Sunday, October 18, 2020

Snippets 6

 I was able to listen to mass today after SEVEN months! So glad the subdivision chapel finally had a mass. There's pandemic protocol of course, we had to register before entering and we were given "Seat numbers". The allowed capacity is a little over 100 people. In my estimate the total number of mass attendees were above 90. So not bad really and only two people were allowed each bench. Prayed hard today and it was soothing to the soul.

***

Nanay finally had to chance to go the market today! During the months that we were the ones doing it, we could never satisfy,there's always something wrong with the fish or produce we bought, hindi sariwa, masyado raw mahal etc. She's really good at this, she was able to haggle to such good prices to her sukis!. Glad she was able to finally do this again.

****

My sister needed something printed for work and all the Internet shops near us closed down during the lockdown. Found one with 15-20 minute walk from our house. Printing cost was cheap just one peso per page so it was worth the walk! The shop also issues receipts which my sister neede for reimbursement. The shop is a part of a family business located in one commercial space composed of a barber shop, pharmacy and sari-sari store. Glad to see some business thrive.

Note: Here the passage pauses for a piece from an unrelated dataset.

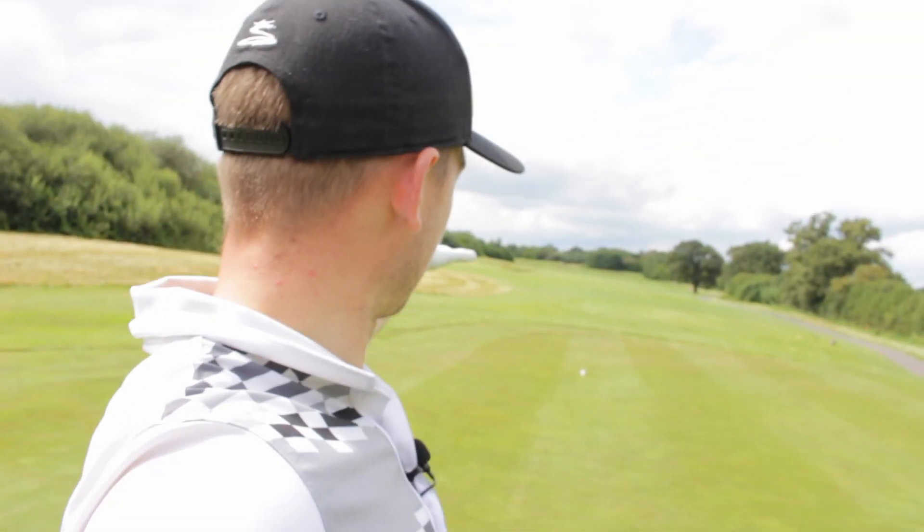Hello everybody and welcome back to Alex's Elite Golf and welcome back to a brand new video. You join me today on the 4th here at Carden Park, a par 5, 522 yards long, with bunkers down the left, trouble down the right — a pretty intimidating tee shot, but a really nice hole though.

Saturday, October 17, 2020

Some Steps

 Earlier I noticed the checkpoints here in our barangay have been dismantled. I guess it is because they have been causing traffic with more vehicles on the road now. But I did read in our official barangay Facebook that there are now 4 active cases and we haven't had a new case in a few days. So that's good news. Also read that the jeepney routes here to Alabang will come back soon! Happy for the jeepney drivers here, finally! I will still ride the carpool to be honest because it's more convenient but at least good to know I now have another option which hopefully will be cheaper. There was also an announcement that the chapel in our subdivision will finally hold mass tomorrow! Daily cases here in the country is still over 3K regularly so yeah still no signs of this virus not posing a threat anytime. But still, these pieces are good enough to give me some hope things will be fine eventually.